Lionsgate’s 15% Streaming Growth Raises Revenue Forecasts, But $6.2B Debt Caps Multiple
LION•Analyst highlights that Lionsgate’s ramped content slate drove a 15% rise in streaming hours year-over-year, lifting full-year revenue forecasts by mid-teens. However, its $6.2 billion net debt and 3.8× leverage ratio are expected to cap valuation multiple expansion around 5× EBITDA.
1. Content Momentum Lifts Outlook
Lionsgate’s recent lineup of original series and film releases has driven a 15% year-over-year increase in streaming hours, prompting analysts to raise full-year revenue forecasts by approximately 15%. Improved subscriber engagement on both Starz and third-party platforms underpins this upward revision.
2. Elevated Debt Profile
Despite stronger top-line visibility, Lionsgate carries $6.2 billion in net debt, translating to a 3.8× net debt-to-EBITDA ratio.
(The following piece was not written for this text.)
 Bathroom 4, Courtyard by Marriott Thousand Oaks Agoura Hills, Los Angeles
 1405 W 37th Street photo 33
High leverage pressures free cash flow generation and limits flexibility for content investment or acquisitions.
3. Valuation Upside Constrained
Analysts believe that Lionsgate’s debt load will cap a valuation multiple around 5× EBITDA, below peers trading closer to 6–7×. As a result, even with better growth prospects, upside to the stock is viewed as limited until leverage declines.
4. Analyst Rating and Price Target
The consensus view remains cautious, with a Market Perform rating and an average price target near $9.00. Investors will look for signs of debt reduction or margin improvement before revising their valuation frameworks higher.